We'll use standard normal observations for simplicity. Now, let's apply ComBat:

require(sva)
design <- model.matrix(~ treatment)
y <- ComBat(x, batches, mod=design)

... and then run it through limma:

require(limma)
fit <- lmFit(y, design)
fit <- eBayes(fit)
pvals <- topTable(fit, coef=2, n=Inf)$P.Value

The p-value distribution should be uniform, as there isn't any difference in the means between treatments 1 and 2 (both means are zero when all expression values are sampled from a standard normal). However, the observed type I error rate is:

sum(pvals <= 0.01)/length(pvals) # gives me 0.0753

... which is 7-fold higher than the specified threshold of 0.01. This is consistent with what I said above regarding the unmodelled uncertainty.
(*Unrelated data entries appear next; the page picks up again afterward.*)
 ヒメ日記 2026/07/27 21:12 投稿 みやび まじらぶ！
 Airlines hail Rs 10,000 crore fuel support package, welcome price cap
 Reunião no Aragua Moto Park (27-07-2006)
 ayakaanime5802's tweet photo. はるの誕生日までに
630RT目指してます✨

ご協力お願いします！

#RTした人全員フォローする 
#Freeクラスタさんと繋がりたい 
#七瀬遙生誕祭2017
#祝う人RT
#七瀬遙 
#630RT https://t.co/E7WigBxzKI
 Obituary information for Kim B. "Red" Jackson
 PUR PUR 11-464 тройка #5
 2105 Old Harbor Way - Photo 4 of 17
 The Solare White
In comparison, the recommended applications of limma (i.e., on uncorrected data) give:

dc <- duplicateCorrelation(x, design, block=batches)
fit2 <- lmFit(x, design, block=batches, correlation=dc$consensus)
fit2 <- eBayes(fit2)
pvals <- topTable(fit2, coef=2, n=Inf)$P.Value
sum(pvals <= 0.01)/length(pvals) # 0.0105

... or, if we were to block on batch in the design matrix:

design3 <- model.matrix(~ treatment + batches)
fit3 <- lmFit(x, design3)
fit3 <- eBayes(fit3)
pvals <- topTable(fit3, coef=2, n=Inf)$P.Value
sum(pvals <= 0.01)/length(pvals) # 0.0116

... which is a lot closer to what we specified. So, in general, I would let limma handle the batch correction. Incidentally, if you run plotMDS(y), you'll get libraries that are very well-separated on treatment. This is despite the fact that we did not simulate any treatment effect in this data, so there should be no separation on the treatment level at all.
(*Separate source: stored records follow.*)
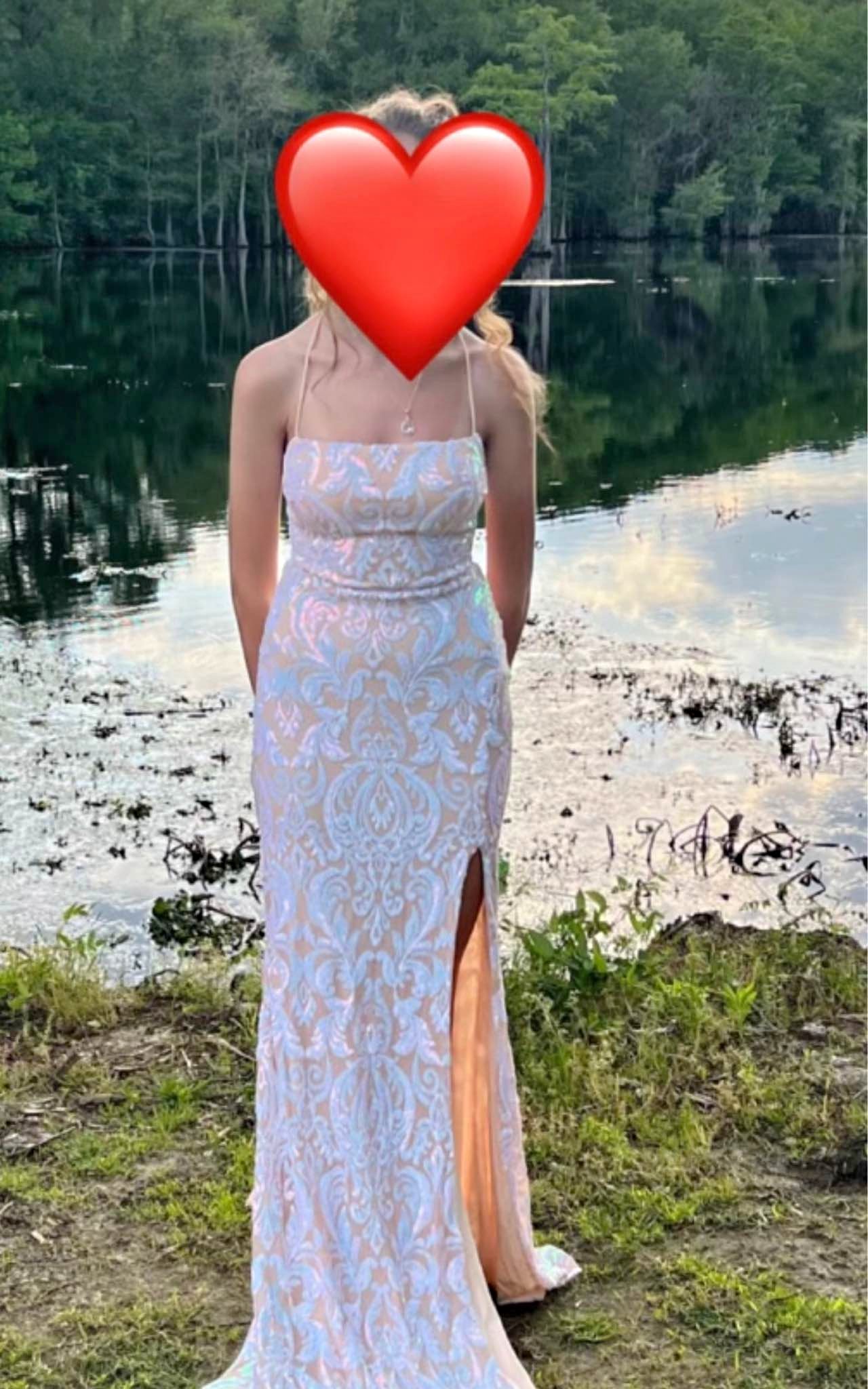 prom dresses in florence sc Fitted Dress 2027 prom dress stores in florence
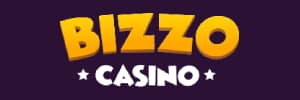 Casino online blaze
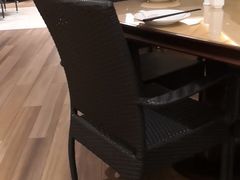 -郑州银基黄帝宫御温泉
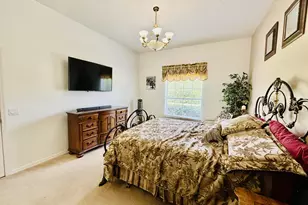 525 Hartman Rd, Fort Pierce, FL 34947 - Photo 22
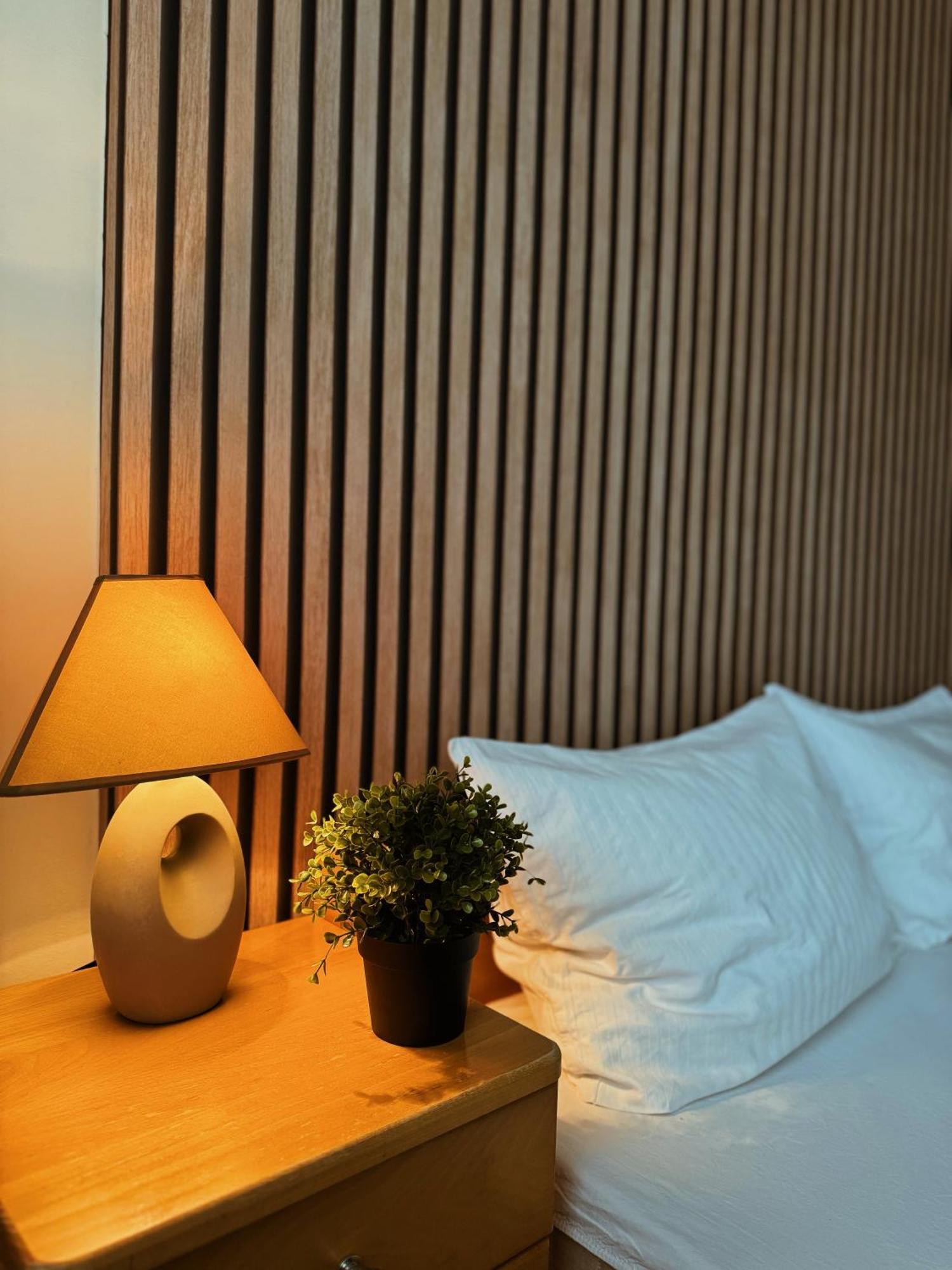 Hotel Kupres Kupres  Extérieur photo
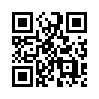 QR kód na túto stránku poi.oma.sk n582872126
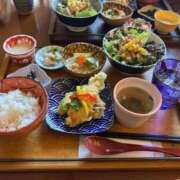 ヒメ日記 2026/02/12 17:35 投稿 ぼたん 熟女の風俗最終章 錦糸町店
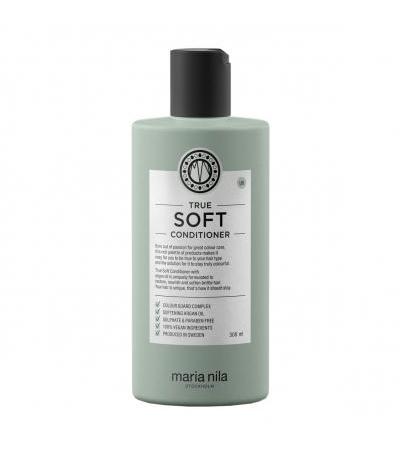Care & Style - True Soft Conditioner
score 5 · Accepted Answer · 2016-07-24

Your study is just a normal paired design and the correct analysis is just the usual standard approach:

> sample <- relevel(sample, ref="IFNAR_Mcl1_DKO_MEFs_Untreated")
> dmat = model.matrix(~ sample_details + sample, data=IFNAR$samples)
> v <- voom(IFNAR, design=dmat, plot=TRUE)
> fit <- lmFit(v, design)
> fit <- eBayes(fit, robust=TRUE)
> topTable(fit, coef=2)
> topTable(fit, coef=3)

There is no need for any of the complicated embellishments in your data analysis.
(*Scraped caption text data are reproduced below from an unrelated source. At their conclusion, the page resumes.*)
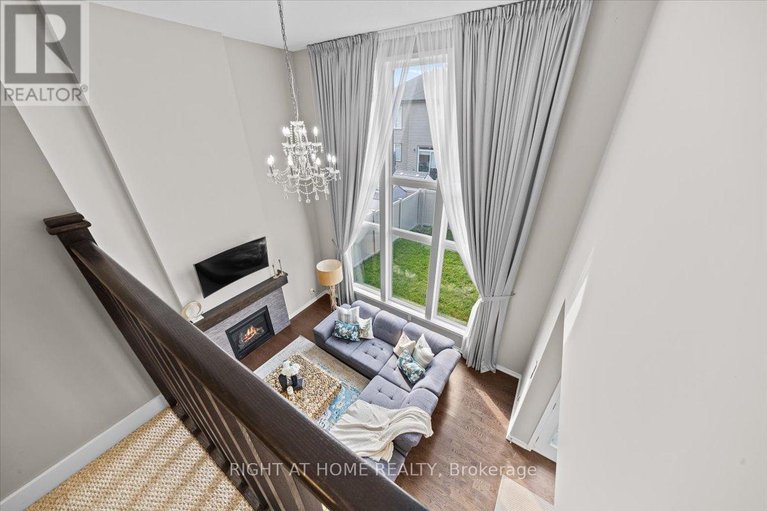 29442864/319-oxer-place/emerald-meadowstrailwest/ottawa/ontario/K2V0C6_58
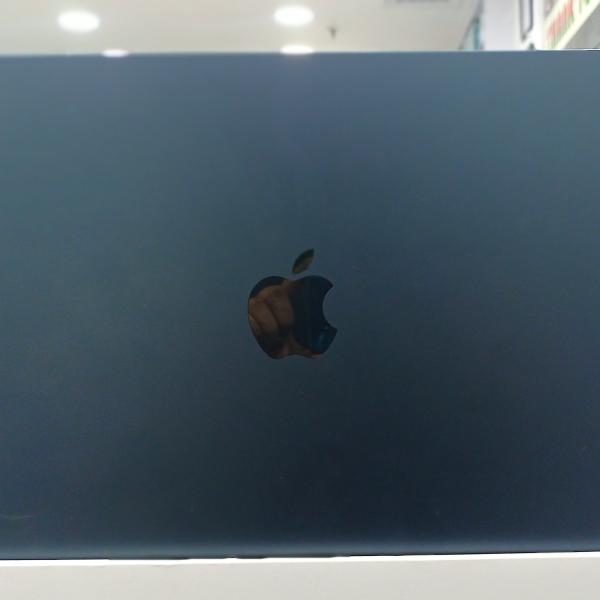 Macbook Air M3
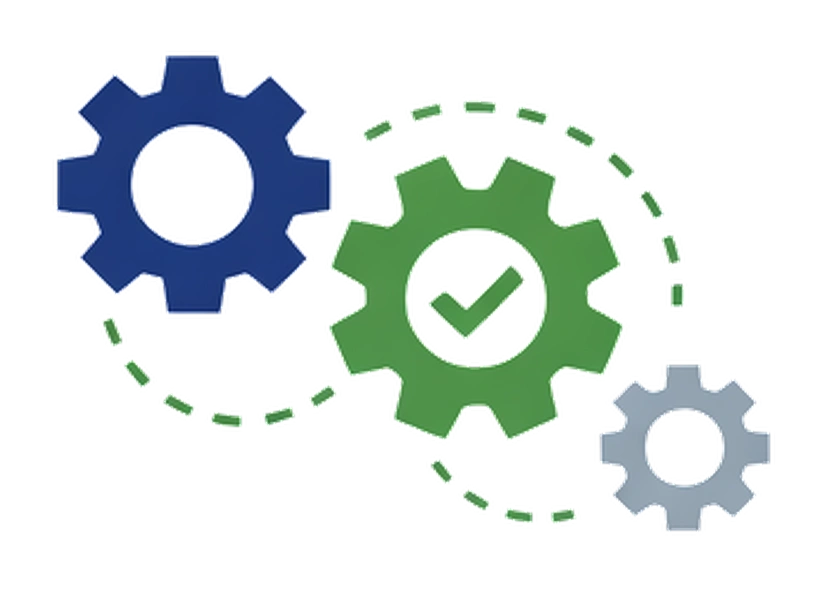 Supply Chain Management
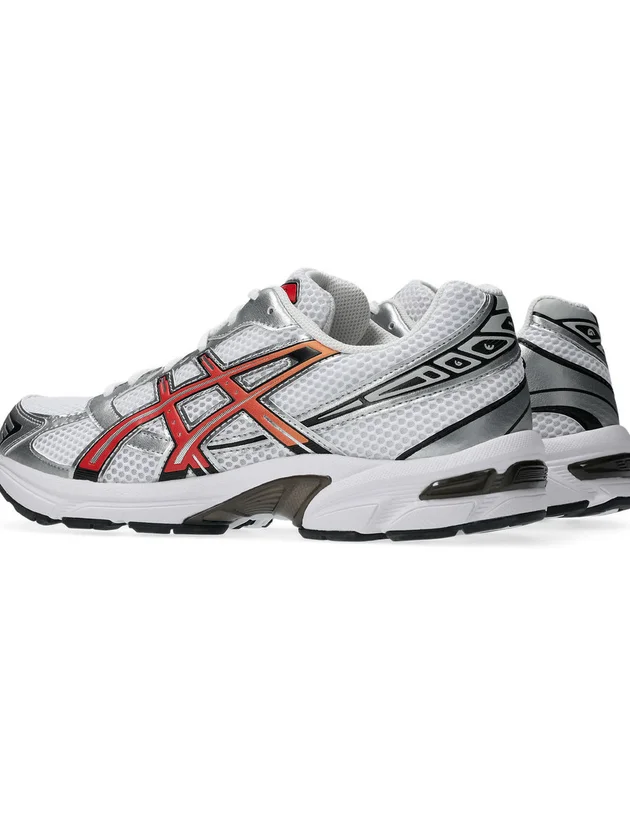 Gel 1130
The MDS plot does not show a batch effect. It simply shows baseline expression differences between the donors (samples), which have already been fully taken into account in the analysis. That is what the 'sample' effect in the design matrix is for.

It is not correct to estimate a duplicateCorrelation for sample, because this factor is already in the design matrix.

It is not correct to use ComBat here, and it will give you false differential results, for reasons explained by Aaron.